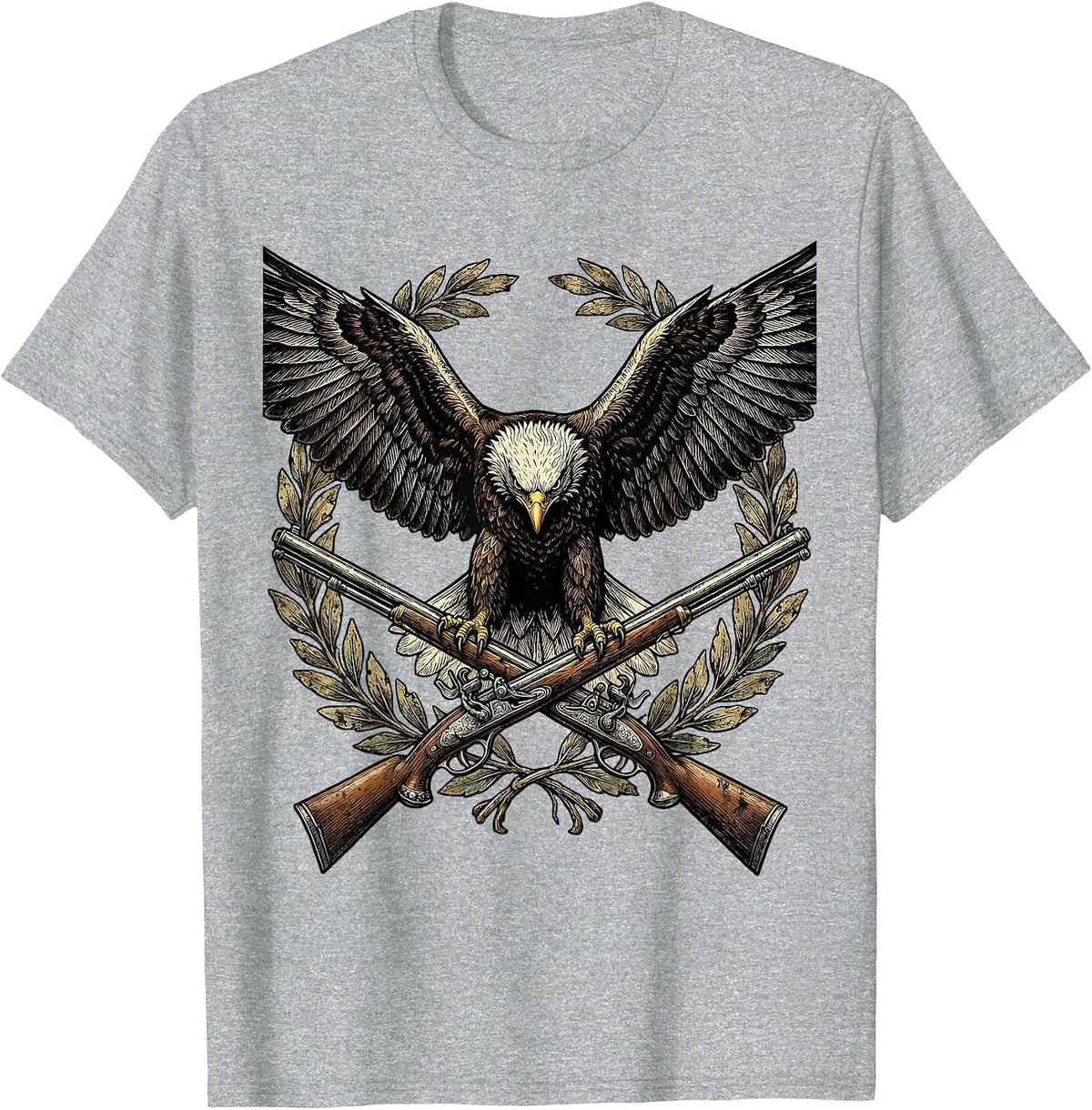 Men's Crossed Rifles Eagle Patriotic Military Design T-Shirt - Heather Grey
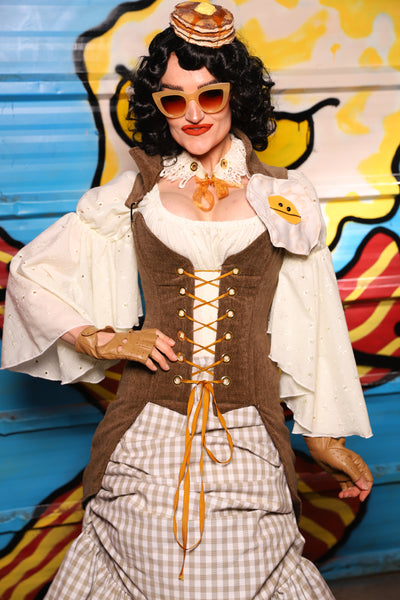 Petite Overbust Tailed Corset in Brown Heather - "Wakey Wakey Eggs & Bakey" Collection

* * *

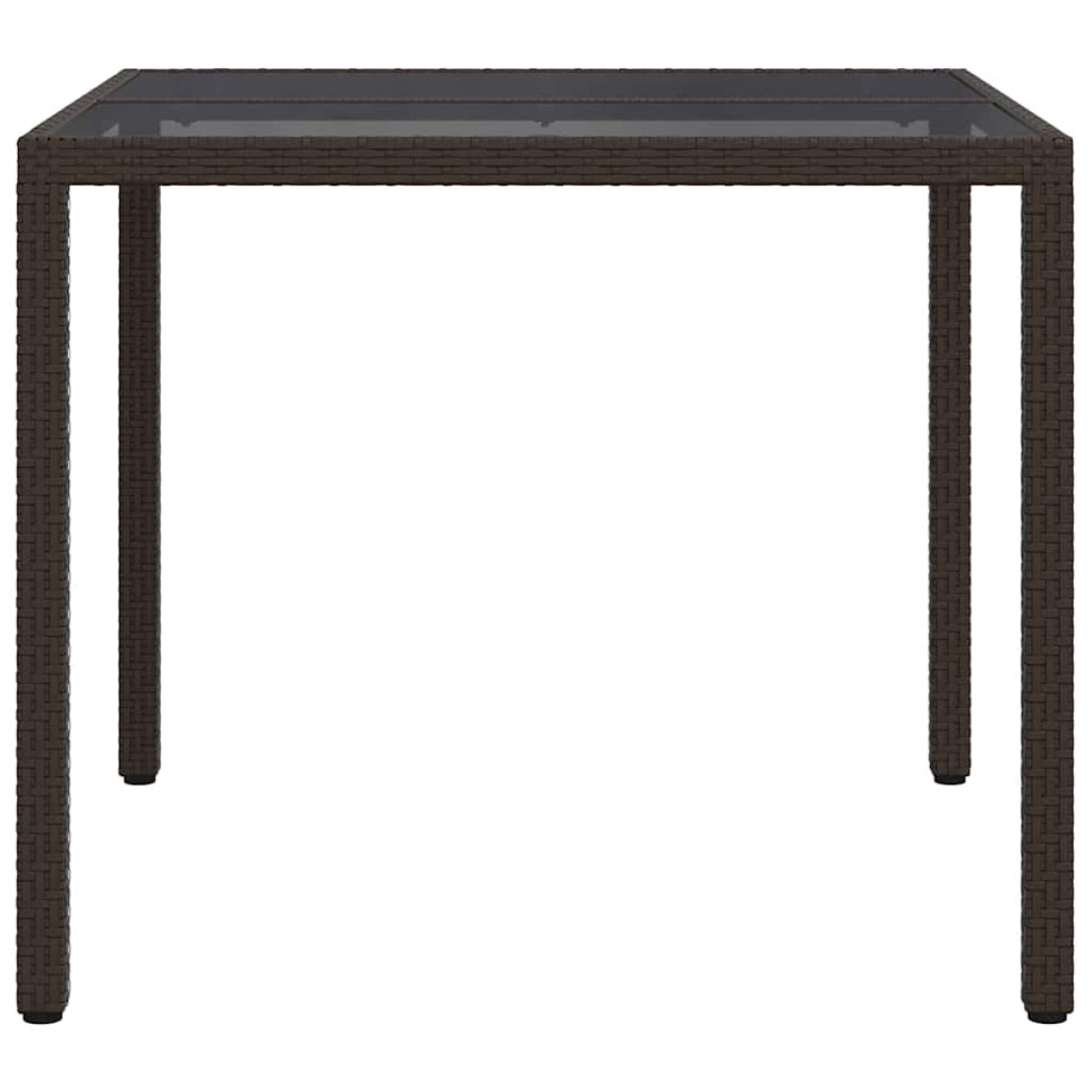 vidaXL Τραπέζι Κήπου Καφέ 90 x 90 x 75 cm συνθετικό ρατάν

==

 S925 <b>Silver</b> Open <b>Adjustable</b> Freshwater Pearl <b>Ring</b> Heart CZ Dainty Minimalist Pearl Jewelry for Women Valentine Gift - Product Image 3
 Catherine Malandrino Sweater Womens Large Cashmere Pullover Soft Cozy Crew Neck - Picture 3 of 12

* Problem to work on
Copy only these lines from the records above, exactly: the one with "Men's Crossed Rifles", the one with "Petite Overbust Tailed", and those between. Skip the pictures.

* Written solution
 Men's Crossed Rifles Eagle Patriotic Military Design T-Shirt - Heather Grey
 Petite Overbust Tailed Corset in Brown Heather - "Wakey Wakey Eggs & Bakey" Collection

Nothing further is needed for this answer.